As much as 80 percent of all timber exported annually from the region is illegal. This activity serves to enrich a handful of corrupt actors, while destroying the Russian Far East’s unique biodiverse ecosystem, depriving the Russian state of tens of millions of dollars in lost tax revenue and threatening the livelihoods of over 100,000 indigenous people.

"Organized criminal groups send out logging brigades to steal valuable hardwoods from protected areas and in this way decimates the last Siberian tiger habitat.” said Alexander von Bismarck, of EIA, a non-profit dedicated to exposing environmental crime. “Importing cheap illegal wood from the Russian Far East is a tragic crime of convenience that directly undercuts any business trying to play by the rules. The same types of wood are available around the world from legal and sustainable sources."

Posing as timber buyers, EIA investigators went undercover to identify the worst actors in the Russian Far East and found that a company called Suifenhe Xingjia Group (“Xingjia”) freely admitted to illegal logging and paying bribes and that their single biggest trading partner was Lumber Liquidators. The report reveals that several of Xingjia’s suppliers are under investigation by Russian authorities for illegal logging and organized crime.

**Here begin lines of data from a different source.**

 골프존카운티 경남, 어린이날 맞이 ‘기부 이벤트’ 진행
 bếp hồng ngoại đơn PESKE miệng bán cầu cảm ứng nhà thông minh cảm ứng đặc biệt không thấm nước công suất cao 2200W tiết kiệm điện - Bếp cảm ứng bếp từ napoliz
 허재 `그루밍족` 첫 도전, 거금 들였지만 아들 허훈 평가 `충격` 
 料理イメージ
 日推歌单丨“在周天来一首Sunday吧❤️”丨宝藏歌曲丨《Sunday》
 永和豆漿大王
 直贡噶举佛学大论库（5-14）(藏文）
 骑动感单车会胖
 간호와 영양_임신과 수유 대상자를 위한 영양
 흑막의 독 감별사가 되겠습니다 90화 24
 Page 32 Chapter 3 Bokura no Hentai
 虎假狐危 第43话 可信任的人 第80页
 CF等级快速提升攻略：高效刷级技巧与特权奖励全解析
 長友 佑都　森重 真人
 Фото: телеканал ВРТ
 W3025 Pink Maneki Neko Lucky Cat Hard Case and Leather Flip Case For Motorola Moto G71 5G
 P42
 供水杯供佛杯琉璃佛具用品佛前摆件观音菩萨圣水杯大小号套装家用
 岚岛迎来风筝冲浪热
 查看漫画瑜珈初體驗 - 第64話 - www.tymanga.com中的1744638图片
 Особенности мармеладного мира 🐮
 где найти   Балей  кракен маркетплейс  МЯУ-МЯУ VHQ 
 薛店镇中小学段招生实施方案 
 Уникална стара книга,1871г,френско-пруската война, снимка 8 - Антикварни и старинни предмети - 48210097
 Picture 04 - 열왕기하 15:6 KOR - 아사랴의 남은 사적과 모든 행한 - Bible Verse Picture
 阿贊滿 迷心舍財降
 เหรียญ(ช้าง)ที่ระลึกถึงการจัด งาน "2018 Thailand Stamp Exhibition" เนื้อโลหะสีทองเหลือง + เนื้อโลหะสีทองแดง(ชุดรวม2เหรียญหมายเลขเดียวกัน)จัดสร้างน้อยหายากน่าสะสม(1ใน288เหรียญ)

EIA investigators recorded Xingjia officials saying that Lumber Liquidators knew where the wood came from.

The European EUTR regulation and US Lacey Act requires companies to take prudential measures to exclude illegally cut wood from their supply chains. China, however, has yet to enact a comparable prohibition on illegal timber imports.

"Any company buying products containing wood from the Russian Far East, whether directly or via China, should know that it may be using stolen wood and must take great care to ensure legality." said von Bismarck. "Without action by governments to enforce laws like the Lacey Act, consumers will continue to be unwitting financiers of the timber mafias that are raiding the world’s forests."